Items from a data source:
↓↓↓

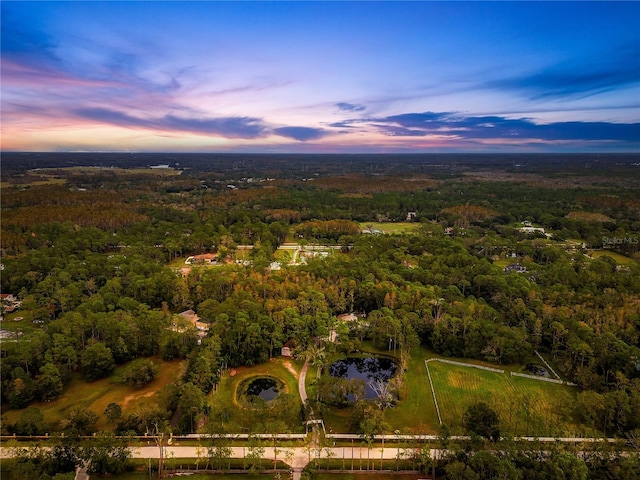 aerial view at dusk featuring a water view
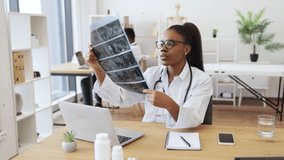 Young African American female doctor examining X-ray scan in modern medical office beside male colleague working. Represents professional healthcare, diagnosis, collaborative environment. - Powered by Shutterstock - Get 15% off with code: PIKWIZARD15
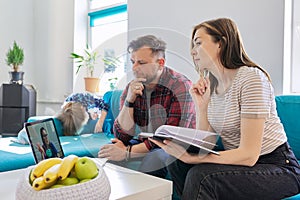 Online medical consultation, family sitting at home on sofa in living room with laptop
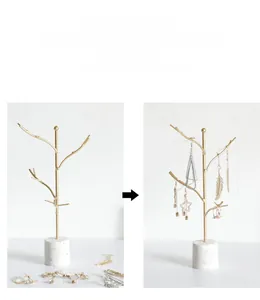 Detail eines goldenen Schmuckständers in Baumform mit weißem Marmorfuß für Ohrringe
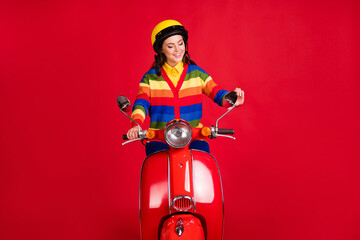Photo portrait of woman fixing regulating mirror on scooter isolated on vivid red colored background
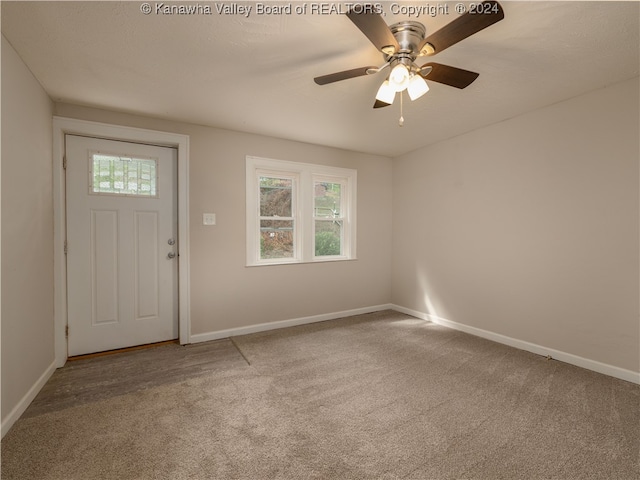 entryway with ceiling fan and carpet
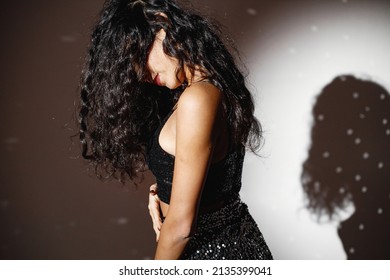 Portrait Of Caucasian Woman Salsa Dancer Under A Projector's Light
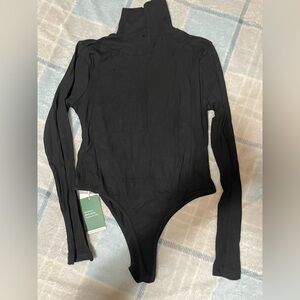 HALARA Black Long Sleeve Turtleneck Bodysuit - Ribbed Fit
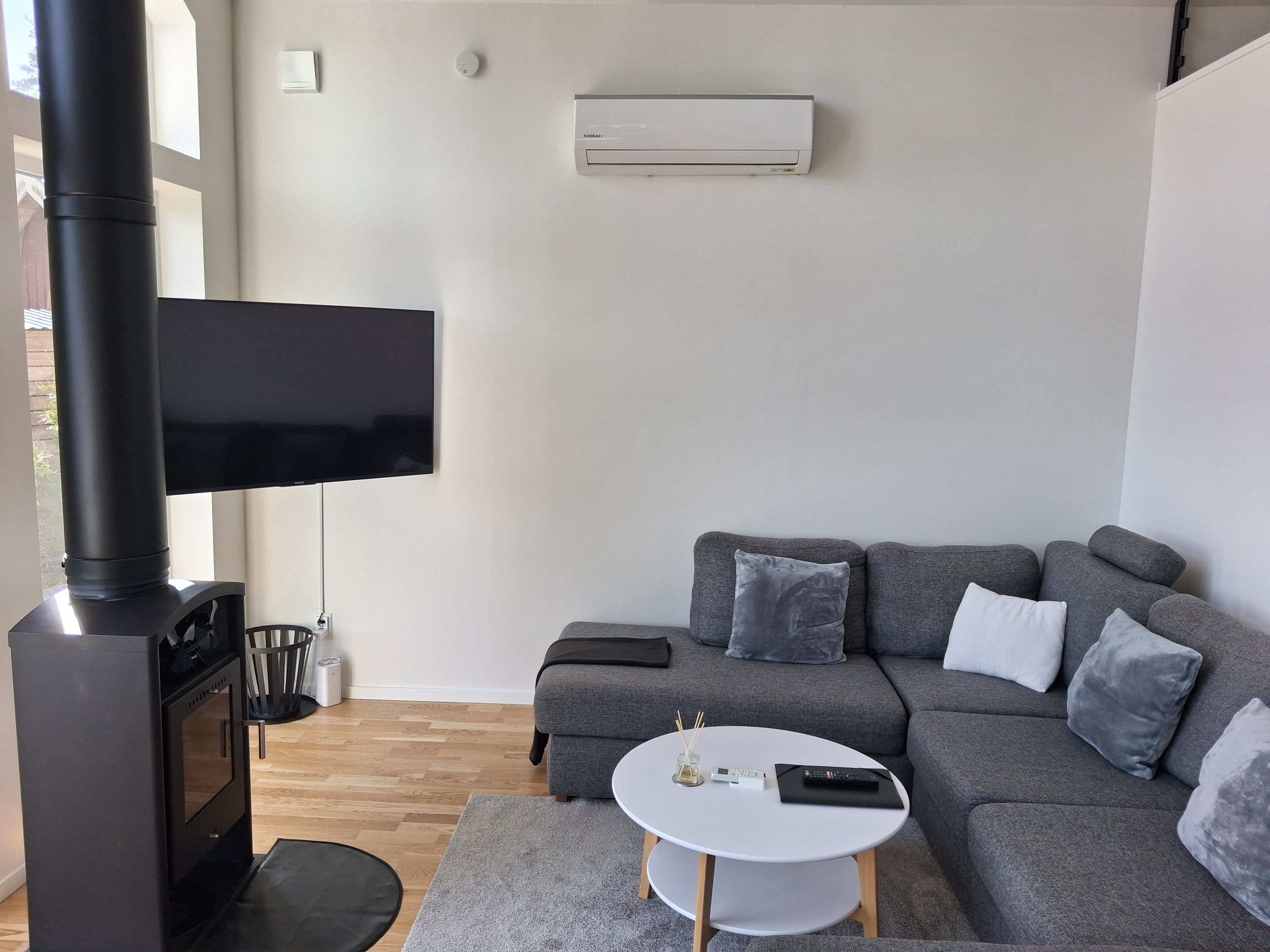 A modern living room with a fireplace, a flat-screen TV, a grey sofa with cushions, a white coffee table, and a small side table with a remote control.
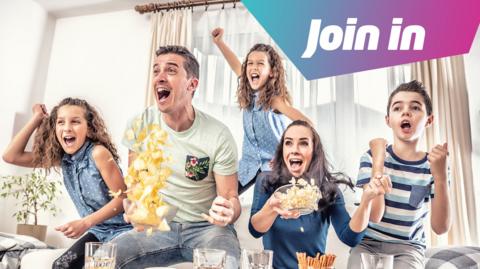 A family with food celebrating watching a game on tv.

↑↑↑

Your reply should consist solely of the lines above, from the opening line through the line with "Online medical consultation, family", reproduced exactly and without pictures.

 aerial view at dusk featuring a water view
 Young African American female doctor examining X-ray scan in modern medical office beside male colleague working. Represents professional healthcare, diagnosis, collaborative environment. - Powered by Shutterstock - Get 15% off with code: PIKWIZARD15
 Online medical consultation, family sitting at home on sofa in living room with laptop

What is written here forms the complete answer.